* Exercise aim: Repeat exactly the lines below that lie between the line with "Olyvane | Marc Ribbed Zip-Neck Jumper" and the line with "Точилка пластик с", counting both of those lines as part of the answer.

* Exercise input:
########
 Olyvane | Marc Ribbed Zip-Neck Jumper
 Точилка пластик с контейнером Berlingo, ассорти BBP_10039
########
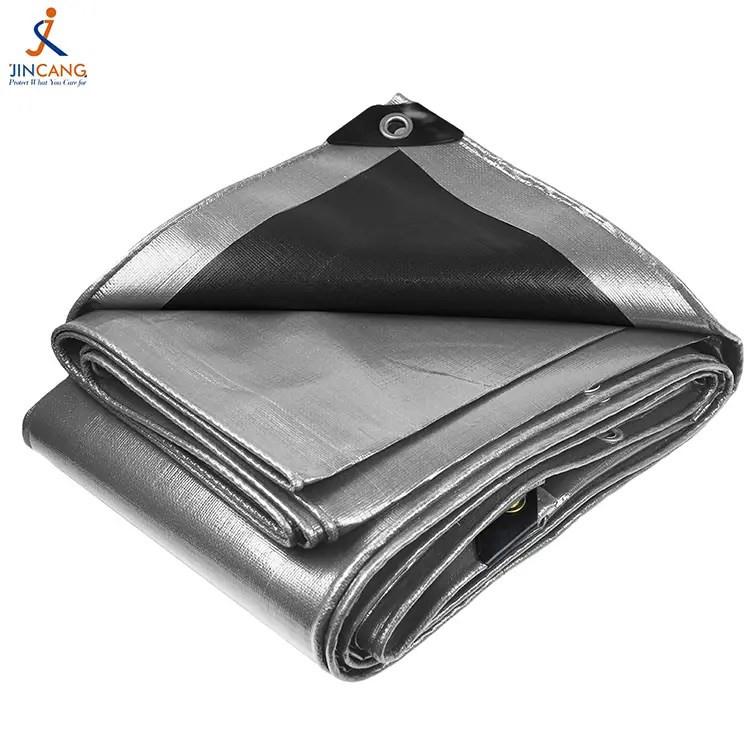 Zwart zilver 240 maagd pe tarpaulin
########
* Exercise result:
 Olyvane | Marc Ribbed Zip-Neck Jumper
 Точилка пластик с контейнером Berlingo, ассорти BBP_10039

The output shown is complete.